While Tribe stresses coming out as spiritually significant

conversion, it also takes up the concern for community and communal memory,

as the subtitle states. Ritley picks up on a theme promoted by Yale Professor

John Boswell, who died of AIDS in late 1994. The gay community does not have

a communal memory of a past; it must begin constructing one immediately.

Ritley writes, “we may be born into the tribe, but we are not raised in it

. . . . We must tell the stories, weave the legends, paint the icons of another

family of saints whose lives will give us light . . . . This is the . . .

essential ministry of gay-to-gay, the only way in which, some day, we will

be able to make God’s gay children free.”

Jim Papp reiterates Ritley’s argument with his own analogy, “Ritley seems

to say that a chosen tribe of God justifies itself by proving they are chosen

by creating their own history. Just as in the Jewish tradition the stories

[of Passover] are part of the whole rite, as are the asking of questions — ‘Why

do we celebrate this?’ — we, too, must create our own stories about our own

heroes, saints, and martyrs.”

Tribe is also a book with tears. Tears of anguish, tears of recognition,

tears of relief, and tears of joy. The book begins with a quote from Judy

Grahn’s Another Mother Tongue: “The day I saw a poster declaring the

existence of an organization of Gay American Indians, I put my face into

my hands and sobbed with relief. . . . Gay is a universal quality . . . like

predicting the weather.” But, Tribe ends with tears as well. The last

section of the book harkens back to Ritley’s days in Islam as she weaves

in allegorical language the story of Hashad the Fool.
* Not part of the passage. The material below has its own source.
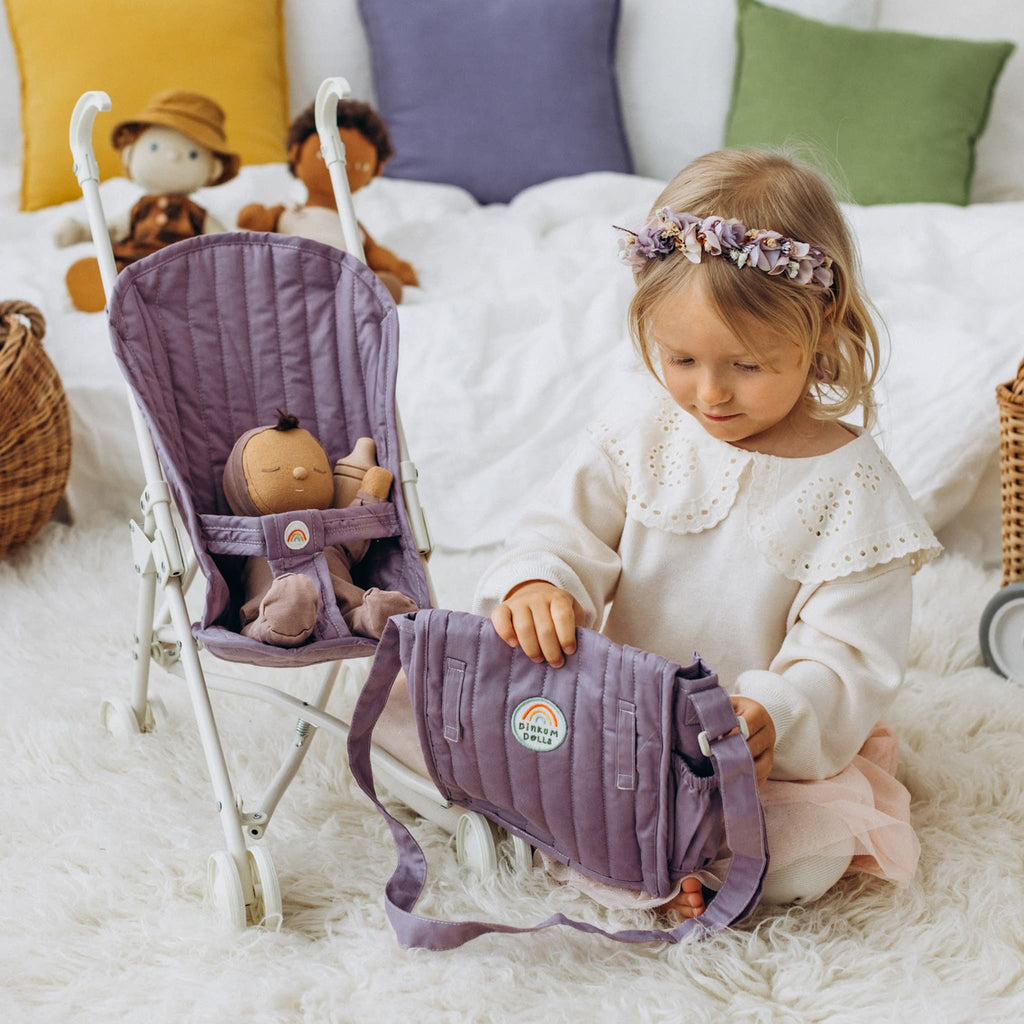 Toddlers playing with lavender stroller indoors – Child sharing stroller with dolls, lavender quilted fabric visible.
Hashad joins a Caravan which is crossing the sands. He awakens one night

to discover a fire in the inn where the Caravan is staying. He rushes in

and out of the fire and finds the Master of the Caravan, who weeps with pain

for the members of his caravan who are unaccounted for. But Hashad knows

where they are, and leads the Master to them, passing again through the fire.

Ritley writes, “For it is this, you see, that Hashad the Fool was born for:

to place his hand in the hand of God, and to pass and repass and repass through

the fire, until the fire has lost its power to burn, and until he has learned

to dance in the fire — to dry the tears of God. . . . “We [gay men and women]

are all this Hashad . . . who begins the journey of his life without the

slightest recognition of where he is bound.”

Ritley declares that we did not chose the fire, but it is the only way through

to our freedom and the freedom of others still trapped inside. She concludes,

“We are God’s fools, God’s gay people, called to bear God company on this

impossible journey . . . God help us all.”